Jessica Walker is one of the three UCF students spending the semester in the Dominican Republic to teach prospective New York Mets players English and introduce them to life in the U.S.

Three University of Central Florida students are trailblazing a new method of teaching English language and American culture to potential Major League Baseball players.

This spring, Jessica Walker, Elizabeth Maldonado de Segura and Laura Estupiñan are living at the New York Mets baseball academy in Boca Chica, Dominican Republic, preparing about 80 players for life in the United States.

The UCF students, all part of The Burnett Honors College, spend an hour each day teaching players basic English, including baseball and cultural terminology that will help them understand their coaches and fellow players and adapt to a new life.

To supplement the players’ English lessons, their UCF teachers also host activities to familiarize the athletes with American customs, foods and hobbies. Since the students live at the academy, they eat all of their meals with the players and constantly work on the players’ conversational English.

Walker, a junior studying marketing and nonprofit management, said she’s inspired by the willpower the players put forth every day.

“Each day the players continue to give 100 percent, and even after hours of practice come to my class ready to learn, because they know English is necessary to succeed in the United States. They never give up,” Walker said. “I have tried to embody this same mentality so that I can be a positive role model for my students, and I walk home each day in awe of their persistence and dedication in bettering themselves.”

Like many MLB teams, the Mets were previously using a consulting company to teach English to their academy players but said they weren’t seeing much in terms of academic structure or results.

“I’m very excited about our unique partnership,” said Jon Miller, director of minor league operations for the Mets. “Having UCF students teach English to our players in the Dominican Republic and helping them understand the culture and customs of the United States will be of tremendous help to them as they aspire to succeed in our organization.”

Three UCF students are preparing players at the New York Mets baseball academy in the Dominican Republic for life in the United States.

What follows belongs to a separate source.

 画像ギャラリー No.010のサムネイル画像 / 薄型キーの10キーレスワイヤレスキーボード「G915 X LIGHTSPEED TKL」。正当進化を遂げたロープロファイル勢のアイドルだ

Estupiñan, Maldonado de Segura and Walker are preparing players at the New York Mets baseball academy in the Dominican Republic for life in the United States.

Kelly Astro, director of research and civic engagement for the honors college, said the social activities are beneficial because they introduce players to cities where the Mets have minor league clubs.

“Along with basic American cultural training, our students host events to familiarize the players with life in Las Vegas, Tennessee, Savannah and New York, all places where some of these players may end up while part of the Mets organization,” said Astro, who hopes to have UCF students at the Mets academy every semester.

The UCF students say they’re getting a lesson of their own. The players have reciprocated by giving them “Spanish class” and sharing their language with them. They’ve also learned baseball history.

Maldonado de Segura, a graduate student in the Teaching English to Speakers of Other Languages program (TESOL), said she and her fellow Knights have been fortunate to meet and speak with Ozzie Virgil Sr., the first Dominican to play in the major leagues.

“He has the best stories of playing with Jackie Robinson and other baseball legends,” she said, adding that they even got to attend the ceremony for his induction into the Latin American Baseball Hall of Fame.

Estupiñan, a senior studying psychology, said her favorite part of the experience is witnessing the students making progress firsthand.

“Seeing where they started and where they are now is amazing,” she said. “They’ll personally come up to us and tell us they love the way we teach and that they learn a lot. It is very rewarding to hear that.”